Emergency physicians must avoid labeling patients with pain as either drug seekers or legitimate patients deserving narcotics for pain relief. With these labels, emergency physicians may exacerbate the problem and promote the learned pain response, where patients believe that they must come to the ED for pain relief. Chronic pain patients often request narcotics, although the lure of going to the ED can be just as strong without receiving narcotics. Any drug that alters sensorium can exacerbate the learned pain response. The external rewards of visiting the ED for medication or evaluation are many: attention and comforting from family and nursing staff, status as a special patient who must go the ED for pain control, avoiding responsibilities at work and at home, potential money if litigation is involved, and potential income if a disability claim is pending.

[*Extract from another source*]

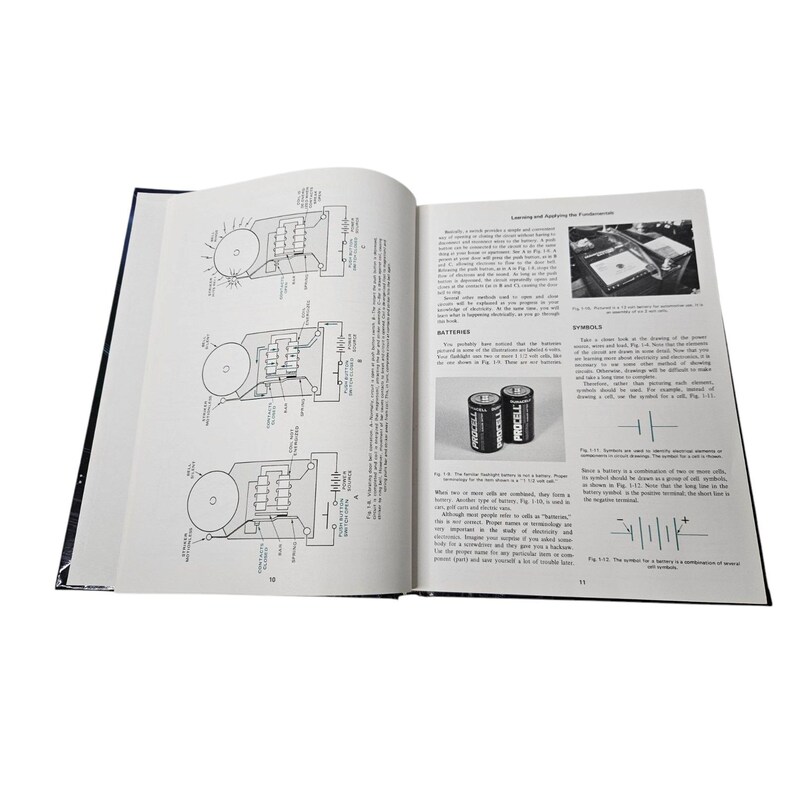 May include: An open book with black covers, displaying detailed diagrams and text. The pages feature illustrations of circuits, batteries, and electrical components. Two Procell batteries are shown. The book is likely a technical manual or textbook.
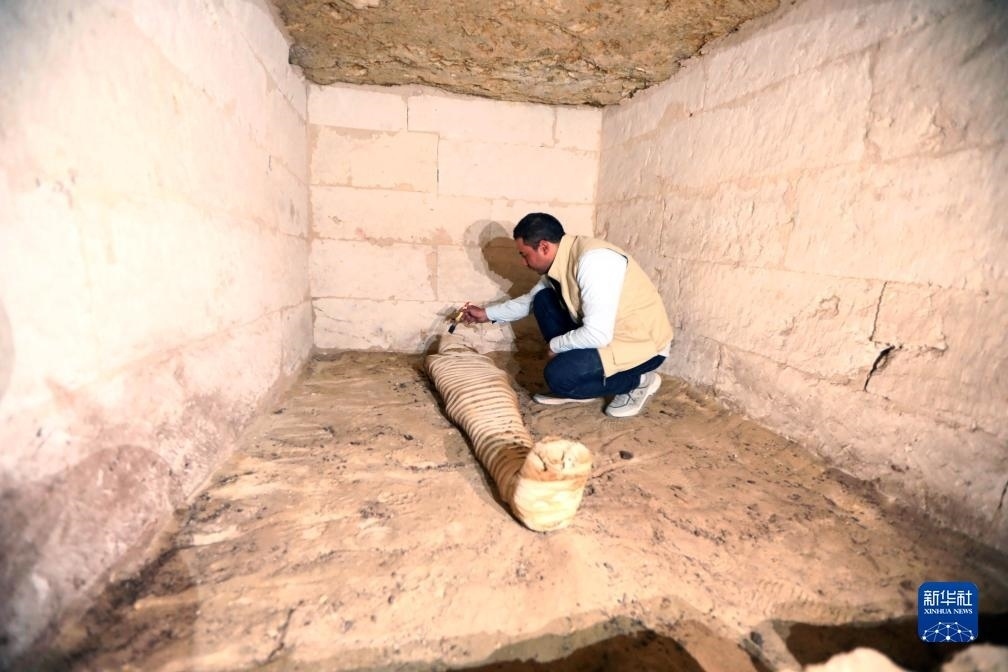 10月15日，在埃及明亞省考古現(xiàn)場(chǎng)，考古人員清理一座石鑿墓中的木乃伊。新華社發(fā)（艾哈邁德·戈馬攝）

Treatment with opiates frequently contributes to the psychopathologic aspects of the disease. Chronic pain and disability lead to distress and increased stress in the life of the patient. The potentiated psychological stress heightens physiologic arousal, which increases pain sensations. Elevated pain sensations exacerbate the patient's disability. Opiate use only temporarily relieves the pain sensations, but the side effects frequently increase the disability associated with chronic pain, therefore exacerbating the psychological stress and the syndrome. Furthermore, a new problem is created as the patient becomes preoccupied with seeking pain relief from opiates. Another essential consideration is that many types of chronic pain are poorly controlled by opiates, and yet the side effects remain. It is interesting to note that the presence of objective evidence of pain does little to influence a physician's administration of narcotics. Physicians' opiate-prescribing habits are most commonly prompted by observed pain behaviors, such as facial grimacing, audible expressions of distress, or patients' avoidance of activity regardless of the physical findings.15
With the exception of cancer-related pain, the use of opioids in the treatment of chronic pain is controversial. Many pain specialists feel that they should not be used. There are two essential points that affect the use of opioids in the ED on which there is agreement: (1) opioids should only be used in chronic pain if they enhance function at home and at work, and (2) a single practitioner should be the sole prescriber of narcotics or should be aware of their administration by others. Finally, a previous narcotic addiction is a relative contraindication to the use of opioids in chronic pain. In contrast to the concerns listed above, narcotics are both recommended and effective treatment for cancer pain. Long-acting narcotics such as methadone or transdermal fentanyl may be more effective than the short-acting agents.
The management of chronic pain conditions is listed in Table..34-3. The medications listed under "Primary ED Treatment" are familiar to emergency physicians. While NSAIDs are most helpful in conditions where there is ongoing tissue injury, such as chronic inflammatory arthritis or cancer-related nerve or bone damage, they are also helpful in many cases of chronic pain where no evidence of tissue damage or inflammation is evident. Nonsteroidal anti-inflammatory drugs have been shown to be more helpful in acute than in chronic pain.16 However, the need for long-standing treatment of chronic pain conditions may limit the safety of the NSAIDs. Standard dosing procedures may be followed except in the elderly (see following section).
Antidepressants and, most commonly, the tricyclic antidepressant drugs, are the most frequently used drugs for the management of chronic pain. Often, effective pain control can be achieved at doses lower than typically required for relief of depression. 3 Tricyclic antidepressants appear to enhance endogenous pain inhibitory mechanisms.17 When antidepressants are prescribed in the ED, a follow-up plan should be in place. Discussion with a pain specialist is often beneficial. The most common drug and dose is amitriptyline 10 to 25 mg, 2 h prior to bedtime.
Anticonvulsants are used for several pain disorders, especially neuropathic pain. Anticonvulsants prevent bursts of action potentials, which may prevent the severe lancinating pain of certain neuropathic syndromes. Carbamazepine (start 100 to 200 mg bid), valproic acid (start 15 mg/kg/d divided bid), and clonazepam (start 0.5 mg tid) are the most frequently used.
Muscle relaxants, such as cyclobenzaprine 10 mg every 8 h, have been useful for chronic pain patients. Their sedating effects may limit their success.
Tramadol is an atypical centrally active analgesic. It has less respiratory depression, less tolerance, and less abuse potential than do opiates. Tramadol has been used with success in patients with fibromyalgia, migraine headaches, low back pain, and neuropathic pain. The dose of tramadol is 50 to 100 mg every 4 to 6 h by mouth.